(AIM OF THE EXERCISE)
Look below for the line with "Pre Owned Chanel" and the line with "Серьги Pebble bea"; repeat exactly those two lines and all lines between them, but no pictures.

(Web page caption snippets)
^^^^^^^^

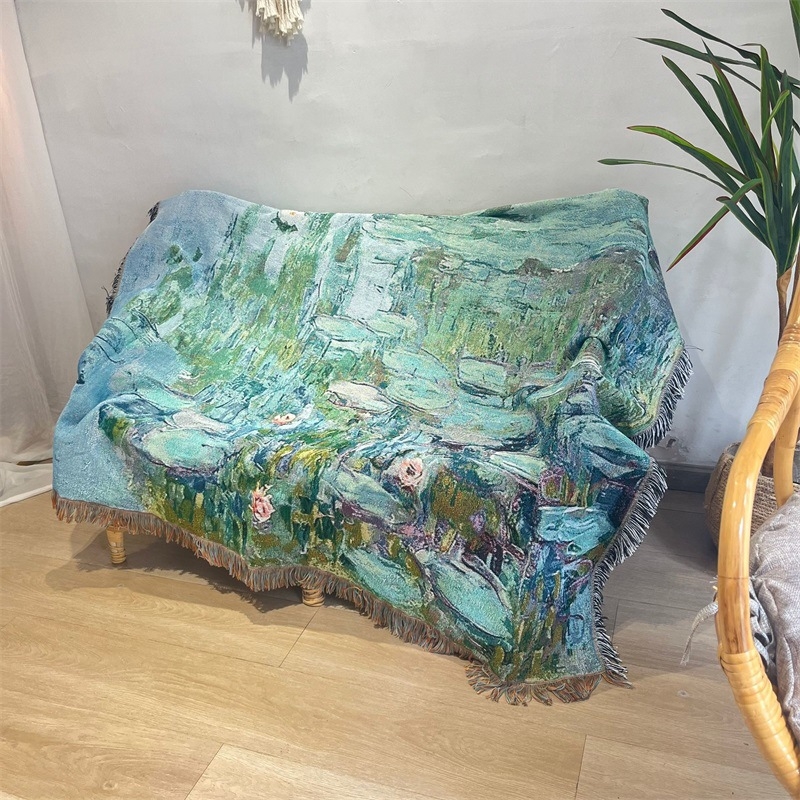 Tapiserijski prekrivač za kauč s motivom Monet Water Lilies, vintage pastoralni stil, težina 300–499 g, prvoklasna kvaliteta, pogodno za sve sezone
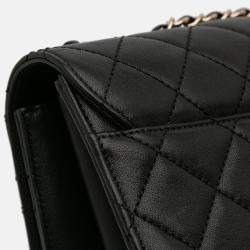 Pre Owned Chanel Black Large Sheepskin Beauty Lock Flap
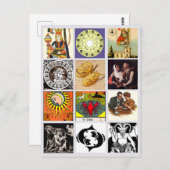 Zodiac Fortune Teller Tarot Card Art Collage Briefkaart (Voorkant / Achterkant)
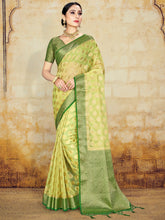 Elegant Olive Green Organza Silk Saree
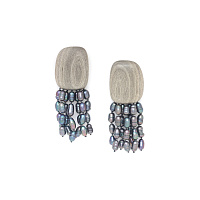 Серьги Pebble bea (Жемчуг, эбеновое дерево 3,5х2.5х8 см) 12-90370 Франция Nature Bijjoux 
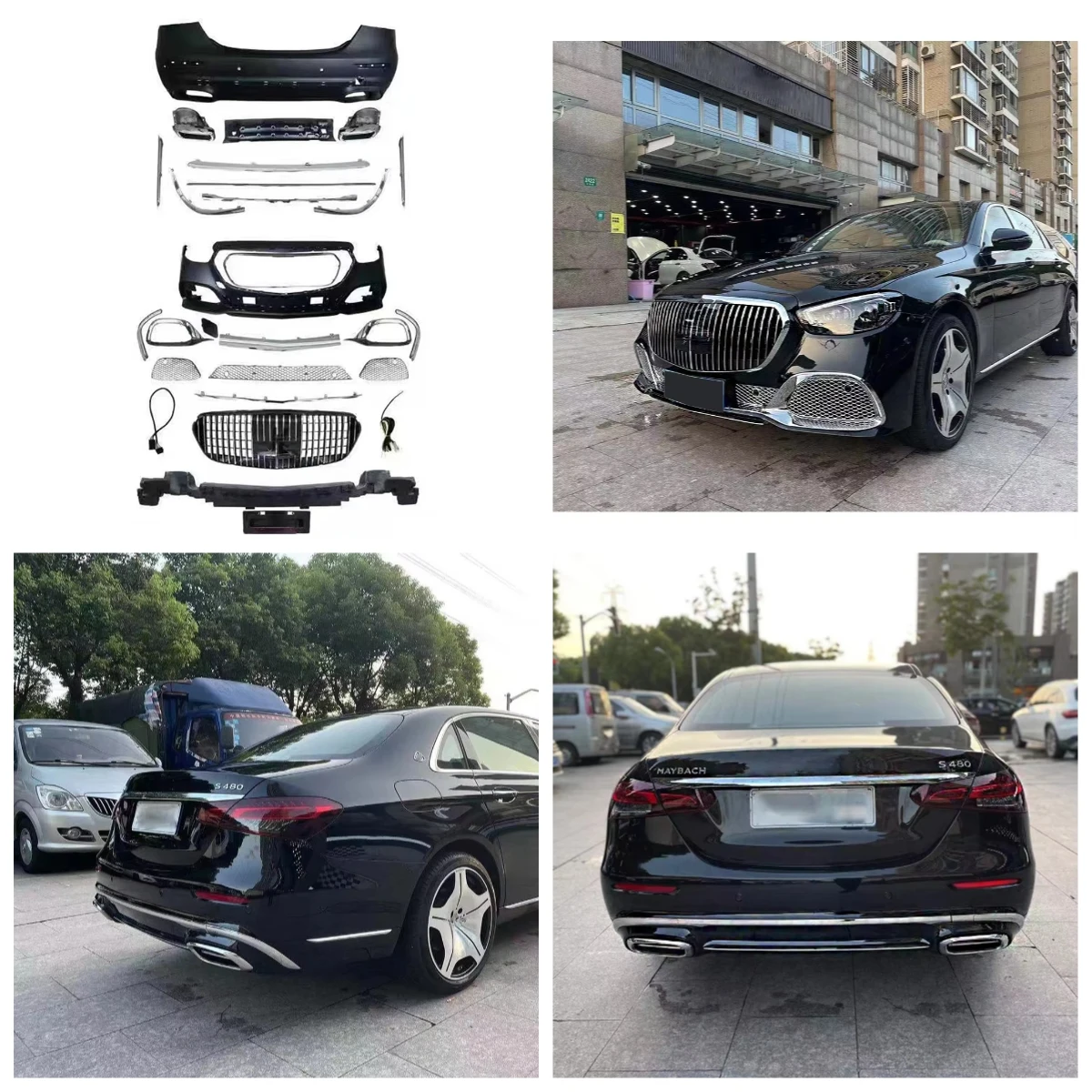 

Комплект обвеса для Mercedes-Benz E-класса W213 2021-2022 годов выпуска, преобразующий в модель Maybach, включает передний и задний бамперы в сборе с решеткой радиатора.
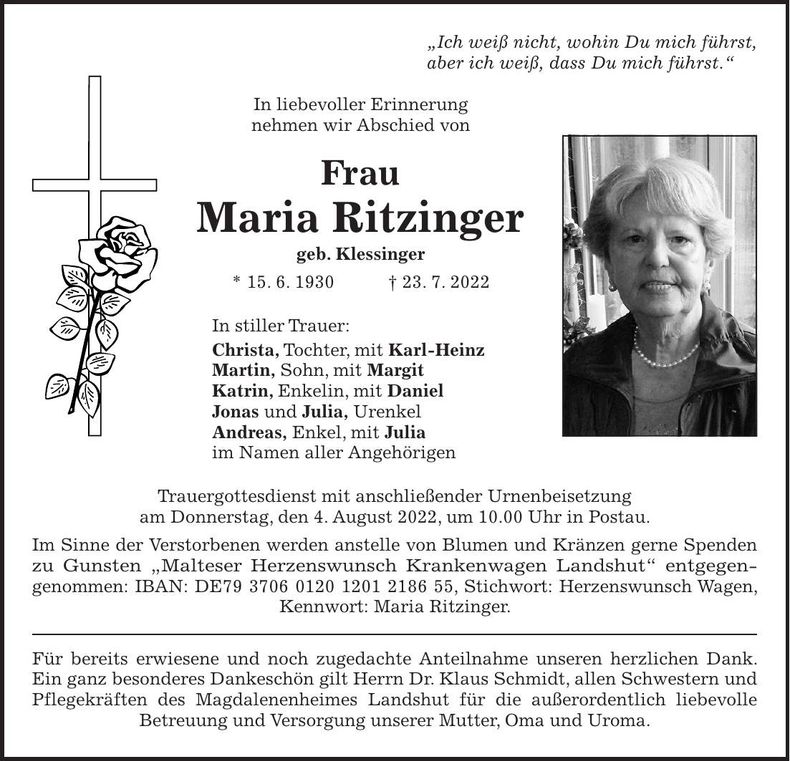 Traueranzeige Maria Ritzinger
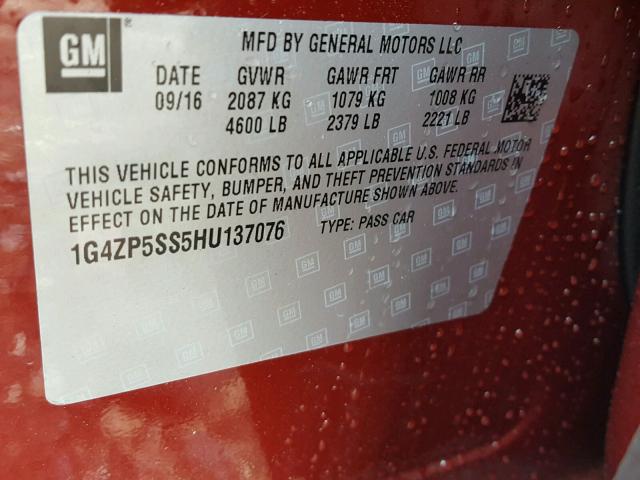 1G4ZP5SS5HU137076 - 2017 BUICK LACROSSE E MAROON photo 10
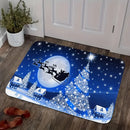 Axyaa Christmas Door Mat: Festive Reindeer & Santa Claus Pattern, Non-Slip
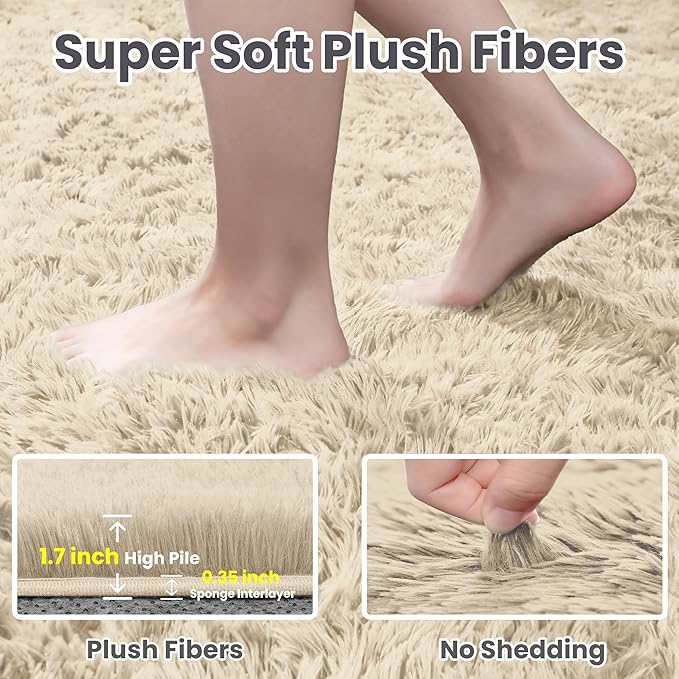 8x10 Area Rugs for Living Room Rug: Soft Fluffy Shag Beige Rugs for Bedroom, Non-Slip Large Fuzzy Plush Rug Indoor Floor Carpet for Nursery Kids Boys Girls Room, Dorms, Playroom, Modern Home Decor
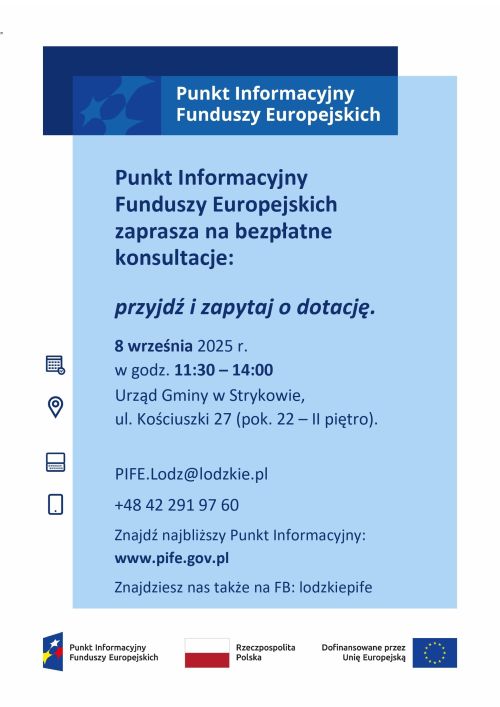 Mobilny Punkt Informacyjny Funduszy Europejskich w Strykowie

^^^^^^^^

(TASK SOLUTION)
 Pre Owned Chanel Black Large Sheepskin Beauty Lock Flap
 Zodiac Fortune Teller Tarot Card Art Collage Briefkaart (Voorkant / Achterkant)
 Elegant Olive Green Organza Silk Saree
 Серьги Pebble bea (Жемчуг, эбеновое дерево 3,5х2.5х8 см) 12-90370 Франция Nature Bijjoux 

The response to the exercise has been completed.